Required action: Copy exactly the lines of the material below that run from the one containing "Set with skipping" through the one containing "Drizzling hot milk". Copy no other lines.

==== Data shown ====

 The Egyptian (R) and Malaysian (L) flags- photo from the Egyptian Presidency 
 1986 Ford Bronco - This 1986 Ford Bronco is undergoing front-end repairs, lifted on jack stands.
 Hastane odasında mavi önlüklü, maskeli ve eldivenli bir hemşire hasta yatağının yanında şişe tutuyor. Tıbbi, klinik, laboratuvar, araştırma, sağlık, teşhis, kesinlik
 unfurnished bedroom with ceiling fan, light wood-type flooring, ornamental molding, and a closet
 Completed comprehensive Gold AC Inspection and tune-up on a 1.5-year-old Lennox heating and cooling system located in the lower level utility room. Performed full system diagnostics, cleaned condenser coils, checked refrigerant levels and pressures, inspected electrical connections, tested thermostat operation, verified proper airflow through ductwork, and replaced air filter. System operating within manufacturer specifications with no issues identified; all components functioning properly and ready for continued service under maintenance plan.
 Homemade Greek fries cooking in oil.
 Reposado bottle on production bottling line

====
==== Data shown ====

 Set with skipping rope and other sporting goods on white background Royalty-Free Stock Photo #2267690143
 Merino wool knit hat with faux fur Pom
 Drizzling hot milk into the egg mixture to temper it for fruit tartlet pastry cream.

====

Finished task:
 Set with skipping rope and other sporting goods on white background Royalty-Free Stock Photo #2267690143
 Merino wool knit hat with faux fur Pom
 Drizzling hot milk into the egg mixture to temper it for fruit tartlet pastry cream.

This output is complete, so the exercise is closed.